Material supplied
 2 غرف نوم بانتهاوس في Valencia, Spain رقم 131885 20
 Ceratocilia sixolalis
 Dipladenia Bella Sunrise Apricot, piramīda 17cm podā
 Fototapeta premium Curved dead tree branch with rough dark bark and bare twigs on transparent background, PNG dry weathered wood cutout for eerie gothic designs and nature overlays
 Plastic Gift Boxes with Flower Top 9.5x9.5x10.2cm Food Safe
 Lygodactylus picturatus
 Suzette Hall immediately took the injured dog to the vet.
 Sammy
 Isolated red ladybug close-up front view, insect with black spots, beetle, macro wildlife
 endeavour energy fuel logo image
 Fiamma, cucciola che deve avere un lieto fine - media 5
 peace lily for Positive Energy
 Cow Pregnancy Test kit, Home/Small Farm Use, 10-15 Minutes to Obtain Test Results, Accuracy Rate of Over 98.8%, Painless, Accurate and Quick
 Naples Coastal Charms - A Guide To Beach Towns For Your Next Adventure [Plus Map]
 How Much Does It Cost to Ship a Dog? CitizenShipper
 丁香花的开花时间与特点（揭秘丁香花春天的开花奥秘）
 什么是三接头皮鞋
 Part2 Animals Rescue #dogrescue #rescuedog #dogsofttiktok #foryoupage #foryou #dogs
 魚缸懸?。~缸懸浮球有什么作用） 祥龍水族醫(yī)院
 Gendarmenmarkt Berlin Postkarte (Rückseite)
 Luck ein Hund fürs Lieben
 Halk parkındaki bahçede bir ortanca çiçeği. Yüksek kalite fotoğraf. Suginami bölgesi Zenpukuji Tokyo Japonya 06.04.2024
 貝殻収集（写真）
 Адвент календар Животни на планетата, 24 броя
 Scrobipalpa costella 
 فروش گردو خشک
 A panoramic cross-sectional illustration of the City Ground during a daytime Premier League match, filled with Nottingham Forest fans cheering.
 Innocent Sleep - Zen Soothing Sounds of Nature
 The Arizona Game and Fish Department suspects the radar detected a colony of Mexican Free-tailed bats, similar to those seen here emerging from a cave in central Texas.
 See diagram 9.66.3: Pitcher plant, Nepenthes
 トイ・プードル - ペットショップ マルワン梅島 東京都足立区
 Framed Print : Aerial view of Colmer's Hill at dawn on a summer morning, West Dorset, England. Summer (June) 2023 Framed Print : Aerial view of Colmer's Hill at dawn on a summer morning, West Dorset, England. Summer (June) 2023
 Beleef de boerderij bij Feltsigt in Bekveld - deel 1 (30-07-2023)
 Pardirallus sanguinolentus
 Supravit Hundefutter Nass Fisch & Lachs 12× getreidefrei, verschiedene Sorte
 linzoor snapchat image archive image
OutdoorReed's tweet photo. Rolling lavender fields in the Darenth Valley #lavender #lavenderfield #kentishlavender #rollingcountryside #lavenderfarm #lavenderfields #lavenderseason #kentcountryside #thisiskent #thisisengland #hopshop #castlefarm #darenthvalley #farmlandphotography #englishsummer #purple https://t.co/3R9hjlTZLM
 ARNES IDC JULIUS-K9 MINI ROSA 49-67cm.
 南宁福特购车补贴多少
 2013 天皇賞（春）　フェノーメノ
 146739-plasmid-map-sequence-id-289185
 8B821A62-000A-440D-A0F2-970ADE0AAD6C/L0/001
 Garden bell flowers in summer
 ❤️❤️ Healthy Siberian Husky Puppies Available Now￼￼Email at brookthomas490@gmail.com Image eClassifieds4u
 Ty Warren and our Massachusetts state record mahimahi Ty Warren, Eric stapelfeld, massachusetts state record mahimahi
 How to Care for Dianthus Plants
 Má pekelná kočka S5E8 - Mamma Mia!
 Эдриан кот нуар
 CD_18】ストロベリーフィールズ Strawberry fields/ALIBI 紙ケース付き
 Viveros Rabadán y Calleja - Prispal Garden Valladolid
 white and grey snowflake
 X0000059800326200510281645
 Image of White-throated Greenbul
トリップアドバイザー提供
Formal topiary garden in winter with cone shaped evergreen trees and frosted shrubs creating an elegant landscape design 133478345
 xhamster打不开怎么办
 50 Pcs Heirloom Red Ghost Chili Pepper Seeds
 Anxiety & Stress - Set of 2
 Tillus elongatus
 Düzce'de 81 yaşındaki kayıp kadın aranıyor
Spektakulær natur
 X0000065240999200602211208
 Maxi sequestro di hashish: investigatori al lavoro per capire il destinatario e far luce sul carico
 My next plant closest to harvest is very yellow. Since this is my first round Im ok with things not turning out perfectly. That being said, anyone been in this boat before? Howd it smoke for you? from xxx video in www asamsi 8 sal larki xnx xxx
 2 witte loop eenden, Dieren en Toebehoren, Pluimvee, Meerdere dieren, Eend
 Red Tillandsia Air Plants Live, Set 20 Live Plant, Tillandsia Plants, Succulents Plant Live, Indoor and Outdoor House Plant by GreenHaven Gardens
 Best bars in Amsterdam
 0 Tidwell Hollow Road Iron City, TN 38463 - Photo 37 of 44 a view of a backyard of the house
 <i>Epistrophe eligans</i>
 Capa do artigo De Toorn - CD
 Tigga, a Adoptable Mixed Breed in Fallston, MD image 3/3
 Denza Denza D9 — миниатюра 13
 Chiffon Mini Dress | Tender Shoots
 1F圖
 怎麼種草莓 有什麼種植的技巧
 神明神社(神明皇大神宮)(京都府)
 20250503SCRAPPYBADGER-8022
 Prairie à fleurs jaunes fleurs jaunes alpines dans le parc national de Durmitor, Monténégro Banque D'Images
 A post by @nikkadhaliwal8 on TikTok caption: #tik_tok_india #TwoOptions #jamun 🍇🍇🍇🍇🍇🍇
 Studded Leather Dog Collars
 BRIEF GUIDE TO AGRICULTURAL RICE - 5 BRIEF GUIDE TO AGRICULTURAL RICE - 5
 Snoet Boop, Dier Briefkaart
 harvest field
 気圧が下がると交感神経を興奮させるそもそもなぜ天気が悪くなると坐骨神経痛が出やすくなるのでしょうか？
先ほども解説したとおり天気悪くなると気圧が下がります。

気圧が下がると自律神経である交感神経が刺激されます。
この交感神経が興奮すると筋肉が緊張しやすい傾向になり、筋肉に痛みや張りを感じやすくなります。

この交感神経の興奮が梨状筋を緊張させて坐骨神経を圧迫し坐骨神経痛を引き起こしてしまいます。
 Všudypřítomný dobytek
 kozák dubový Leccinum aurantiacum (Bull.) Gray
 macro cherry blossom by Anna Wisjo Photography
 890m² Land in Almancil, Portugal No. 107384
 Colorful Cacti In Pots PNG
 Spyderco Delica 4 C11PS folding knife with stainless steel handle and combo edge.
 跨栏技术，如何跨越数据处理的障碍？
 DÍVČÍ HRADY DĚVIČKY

The task
Check each line of the data for "City". Copy the lines where it turns up.

Answer space
 A panoramic cross-sectional illustration of the City Ground during a daytime Premier League match, filled with Nottingham Forest fans cheering.
 0 Tidwell Hollow Road Iron City, TN 38463 - Photo 37 of 44 a view of a backyard of the house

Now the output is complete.